Ma proprio questa Parola ci suggerisce due tratti della pazienza che sono imprescindibili per noi oggi.

Guardare il mondo nel suo dinamismo storico, capaci di “stare” in mezzo alla prova

Pazienza è anzitutto makrothymia, grandezza d’animo, longanimità. È la virtù dell’agricoltore che aspetta pazientemente il frutto della terra (cf. Gc 5,7); è la capacità di chi sa guardare le cose in grande, che sa valutare il tempo lungo, che sa guardare al mondo cogliendolo nel suo dinamismo storico, senza cedere all’impazienza superficiale dell’ideologia. Pazienza in questo caso è attesa sapiente, rispetto del tempo, e quindi anche riconoscimento della finitezza, della necessaria incompiutezza di ogni realizzazione storica e della storicità di ogni relazione con l’altro.

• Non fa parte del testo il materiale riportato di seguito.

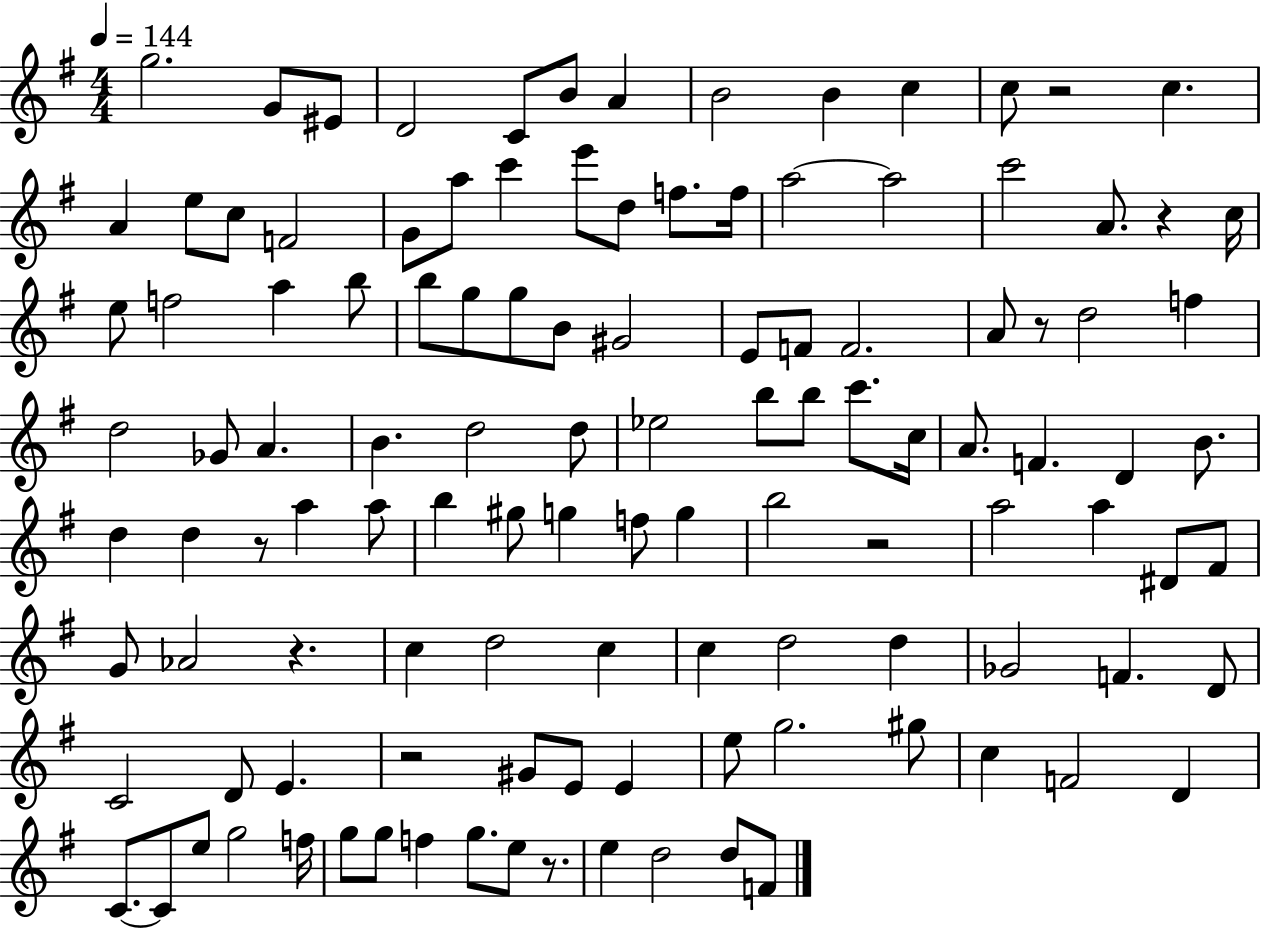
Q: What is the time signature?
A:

Saper educare alla pazienza significa in questo caso educare all’arte del tempo, senza accelerazioni consumistiche e senza fughe misticheggianti. Pazienza è vivere il tempo in modo pienamente umano.

Pazienza è poi hypomone, perseveranza, costanza, capacità di stare in mezzo alla prova (cf. Gc 1,2-4). È la virtù di chi sa sop-portare le situazioni difficili, ma anche di chi sa sup-portare, sostenere se stesso ed altri quando la vita mette alla prova. La prova non è solo quella delle persecuzioni a motivo della fede, ma è quella a cui quotidianamente ci espongono le relazioni: con noi stessi e con gli altri. Non è questione di sopportazione passiva, ma di un positivo portare il peso dei rapporti, rifuggendo la tentazione di una fruizione strumentale di sé e degli altri. Saper educare alla pazienza significa allora educare a “rimanere” nella relazione, sostenendone la prova, la temporalità e la finitezza. Pazienza è vivere la relazione in modo umano.

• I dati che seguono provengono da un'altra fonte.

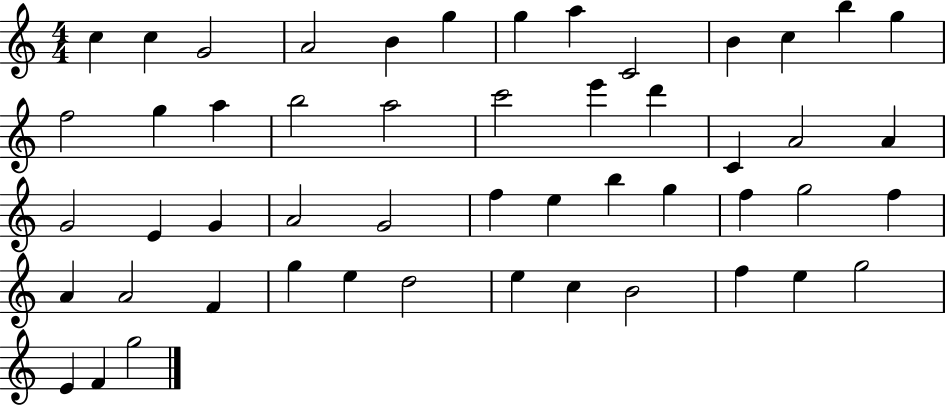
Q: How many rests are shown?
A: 0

Romano Guardini ricordava che Dio mostra un’infinita pazienza nei confronti del mondo e dell’uomo. Ma oltre a questo bisognerebbe dire – secondo Tomáš Halík – che anche noi uomini dobbiamo aver pazienza con Dio. Solo così infatti è possibile attendere e portare il peso della relazione con il Deus absconditus e il suo silenzio.